“In the late 1960s most Americans were unaware of what a fetus looked like.”
The use of these images were important for early victories at the state level when fighting against legal abortion. It remains a controversial practice, even among those who support the defense of the unborn.
Associate professor of history at the University of West Georgia, Dr. Daniel K. Williams shares how the use of images has shaped the fight against abortion.
“The very first fetal photographs that most American saw were published in Life magazine in 1965.”
Even after those photos appeared in Life magazine, pro-lifers made very limited use of them. Most books that were published in the late 1960’s defending the pro-life perspective were published without any images at all. In the early 1970s, pro-lifers changed their tactics.

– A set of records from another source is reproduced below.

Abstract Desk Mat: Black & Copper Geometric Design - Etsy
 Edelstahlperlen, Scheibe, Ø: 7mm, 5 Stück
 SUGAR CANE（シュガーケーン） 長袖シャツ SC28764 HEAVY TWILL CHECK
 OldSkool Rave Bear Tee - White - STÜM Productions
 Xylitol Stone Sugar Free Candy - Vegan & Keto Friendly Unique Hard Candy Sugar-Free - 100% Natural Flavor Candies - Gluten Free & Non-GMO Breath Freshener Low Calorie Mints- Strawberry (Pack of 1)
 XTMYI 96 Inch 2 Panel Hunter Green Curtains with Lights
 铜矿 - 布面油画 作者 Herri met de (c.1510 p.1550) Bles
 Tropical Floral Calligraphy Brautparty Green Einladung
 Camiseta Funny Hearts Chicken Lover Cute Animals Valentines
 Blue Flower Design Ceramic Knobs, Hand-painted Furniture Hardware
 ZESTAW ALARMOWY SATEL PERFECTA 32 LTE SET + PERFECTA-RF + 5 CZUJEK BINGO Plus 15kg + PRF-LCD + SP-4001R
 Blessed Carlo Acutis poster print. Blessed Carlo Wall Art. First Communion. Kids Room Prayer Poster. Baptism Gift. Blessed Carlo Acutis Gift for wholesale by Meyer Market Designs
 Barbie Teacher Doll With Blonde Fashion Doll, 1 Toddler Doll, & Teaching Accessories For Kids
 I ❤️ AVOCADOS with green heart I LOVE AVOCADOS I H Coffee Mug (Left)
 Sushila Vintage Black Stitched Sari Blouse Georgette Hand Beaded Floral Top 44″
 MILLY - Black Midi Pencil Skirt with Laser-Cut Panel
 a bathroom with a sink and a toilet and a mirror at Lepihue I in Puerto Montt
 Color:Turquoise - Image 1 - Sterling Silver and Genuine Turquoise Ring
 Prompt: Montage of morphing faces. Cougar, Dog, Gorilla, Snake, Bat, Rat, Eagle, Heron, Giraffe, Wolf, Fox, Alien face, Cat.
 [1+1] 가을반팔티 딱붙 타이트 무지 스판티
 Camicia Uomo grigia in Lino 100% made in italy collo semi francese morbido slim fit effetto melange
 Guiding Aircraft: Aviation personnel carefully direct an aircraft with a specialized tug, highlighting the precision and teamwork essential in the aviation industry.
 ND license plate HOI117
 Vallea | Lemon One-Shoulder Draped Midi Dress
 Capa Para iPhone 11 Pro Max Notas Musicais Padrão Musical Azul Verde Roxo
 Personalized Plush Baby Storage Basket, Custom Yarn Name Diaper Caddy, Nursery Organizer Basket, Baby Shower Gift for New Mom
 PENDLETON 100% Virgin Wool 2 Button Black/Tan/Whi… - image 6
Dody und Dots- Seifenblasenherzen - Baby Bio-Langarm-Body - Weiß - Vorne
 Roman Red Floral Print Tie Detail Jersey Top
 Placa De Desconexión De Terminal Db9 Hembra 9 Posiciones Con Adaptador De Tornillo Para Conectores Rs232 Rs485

“They realized the power of fetal photographs; not only photos of the fully developed fetus, healthy fetus, but also photos of aborted fetuses. Those may have been the most controversial because, as you can imagine, they were graphic, gruesome images and many pro-choicers claimed that they had been manipulated in some way; that perhaps the photos were staged or distorted.”
The photos were extremely powerful. Photos of 19- 21 week old fetuses were credited for the pro-life movement’s victory in a 1972 abortion legalization referendum in Michigan.
“Michigan was set to legalize abortion through a voter initiative. Initial polling in the summer of 1972 showed that pro-choicers had a solid majority of support. The polls were showing that at least 57% or more of Michigan voters were set to say that yes they wanted to legalize elective abortion to 20 weeks.
“In the last few weeks before the election the pro-life movement engaged in a widespread television and billboard advertising campaign, and also distributed leaflets, all of which focused on images of second trimester fetuses. When people saw what a 19-week-old fetus actually looked like, that it looked very much like a premature baby, that all of its features were quite well developed, they rethought their support for this bill.”
“Many voters who otherwise would have supported abortion in the first trimester had second thoughts and ultimately the proposal was defeated decisively.”
It was a surprise victory for the pro-life movement, and it solidified the pro-life activists’ belief that a picture is worth a thousand words. They realized that if they could show people what an unborn child looks like, and if they could show people what actually happened in abortion, they could change people’s minds and hearts.